A judge at the Vatican has ordered the pope's butler and a fellow lay employee to stand trial over leaks from Pope Benedict XVI's private apartment. The indictment accuses the butler Paolo Gabriele, who was arrested in May, of grand theft.Now, those of you who attend the whack churches might wonder why the judge on the case is a "vatican" judge and not a Roman judge, since the vatican is in Rome and all, so allow us, as lousy cath...um laughable...no...lapsed...yeah, lapsed catholics to explain, seeing as we still have our Lives of the Saints, the novena edition and Latin to English dictionary and all. See the catholic church is the only church in whenever, or wherever to own its own country. Right there in the middle of Rome, the capitol of the independent country of Italy is this little sovereign nation called the vatican and you know that has to frost Pat Robinson's gonads every time he thinks about it. We can almost hear him now, "That fat old Nazi has his own country with an army and everything, and all I have is this stupid TV show."
Cheer up Pat. At least you don't have to walk around wearing the drapes and sporting a chapeau that looks like it was designed by the Insane Clown Posse. Not to mention always smelling like you just walked out of a sixties head shop.

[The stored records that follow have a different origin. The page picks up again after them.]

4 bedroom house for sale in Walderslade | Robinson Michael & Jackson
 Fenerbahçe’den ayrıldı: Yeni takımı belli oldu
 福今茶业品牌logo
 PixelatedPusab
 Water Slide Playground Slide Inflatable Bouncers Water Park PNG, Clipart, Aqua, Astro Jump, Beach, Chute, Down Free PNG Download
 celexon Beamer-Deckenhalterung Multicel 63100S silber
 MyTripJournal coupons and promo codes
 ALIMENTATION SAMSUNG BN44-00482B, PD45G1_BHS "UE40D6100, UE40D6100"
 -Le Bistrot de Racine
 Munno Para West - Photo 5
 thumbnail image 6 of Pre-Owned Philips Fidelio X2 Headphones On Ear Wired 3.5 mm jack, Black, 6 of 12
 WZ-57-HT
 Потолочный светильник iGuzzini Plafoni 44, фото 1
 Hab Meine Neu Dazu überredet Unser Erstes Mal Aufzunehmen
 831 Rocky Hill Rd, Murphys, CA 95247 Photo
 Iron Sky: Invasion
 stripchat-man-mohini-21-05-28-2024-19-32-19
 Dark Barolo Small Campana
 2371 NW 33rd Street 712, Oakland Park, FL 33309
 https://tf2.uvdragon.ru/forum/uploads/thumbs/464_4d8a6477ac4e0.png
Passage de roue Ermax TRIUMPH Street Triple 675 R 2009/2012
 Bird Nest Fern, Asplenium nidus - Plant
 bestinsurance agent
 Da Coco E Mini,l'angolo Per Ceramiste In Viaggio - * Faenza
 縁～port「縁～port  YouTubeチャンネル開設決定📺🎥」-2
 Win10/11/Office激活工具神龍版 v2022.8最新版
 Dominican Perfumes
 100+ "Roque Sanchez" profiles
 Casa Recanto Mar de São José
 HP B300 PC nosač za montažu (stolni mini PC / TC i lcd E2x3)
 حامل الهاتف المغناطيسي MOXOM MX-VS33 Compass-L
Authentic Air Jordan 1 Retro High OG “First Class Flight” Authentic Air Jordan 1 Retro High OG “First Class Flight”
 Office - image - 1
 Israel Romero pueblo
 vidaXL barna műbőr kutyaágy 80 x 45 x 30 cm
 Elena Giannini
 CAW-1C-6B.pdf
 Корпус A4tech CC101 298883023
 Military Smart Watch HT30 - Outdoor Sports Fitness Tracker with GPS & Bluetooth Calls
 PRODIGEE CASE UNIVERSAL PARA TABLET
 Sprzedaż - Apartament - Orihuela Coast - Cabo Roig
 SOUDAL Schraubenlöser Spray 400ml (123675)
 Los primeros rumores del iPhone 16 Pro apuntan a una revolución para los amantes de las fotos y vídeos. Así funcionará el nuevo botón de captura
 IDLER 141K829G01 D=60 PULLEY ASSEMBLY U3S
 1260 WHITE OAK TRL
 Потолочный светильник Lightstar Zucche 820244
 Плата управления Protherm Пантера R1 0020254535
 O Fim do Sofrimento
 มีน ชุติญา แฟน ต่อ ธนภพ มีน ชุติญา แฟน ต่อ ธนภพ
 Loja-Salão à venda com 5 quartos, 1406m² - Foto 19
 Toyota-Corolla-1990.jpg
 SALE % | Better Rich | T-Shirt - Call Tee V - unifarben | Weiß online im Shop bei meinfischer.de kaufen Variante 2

Where were we? Oh yeah, squealers.
While the Vatican had insisted Gabriele was the only person under investigation, the indictment also charges Claudio Sciarpelletti, a layman in the secretary of state's office, with aiding and abetting Gabriele."Aiding and abetting." That's some serious Law and Order SVU talk right there, but we're a little confused. If papa Ratzi says the hired man is supposed to take the fall, where'd this other guy come from? It's almost as if the dexteram doesn't know what the sinistram is up to.
The scandal has embarrassed the Vatican as it has exposed the infighting at high church levels, primarily among Italian prelates.Ah, infighting. Gotcha. We're still a smidge unclear though. What exactly is it you guys are infighting over? We mean, it's not like your going to get the Board of Directors to vote the pope out and take the church public on the New York Stock Exchange or anything, so what is it, the keys to the sacristy wine locker?
There had been widespread speculation about the possibility of a mole in the secretary of state's office since some of the leaked documents seemed to cast doubt over Cardinal Tarcisio Bertone's ability as the Vatican's No 2.Oh, we get it. You're saying the popester is like untouchable and whatnot, being god's primo dude here on planet earth, but number 2? Well, Jesus never said anything about that. Besides, Brother Ratzi isn't going to be around forever you know. This is sort of like King Lear, except with perverts.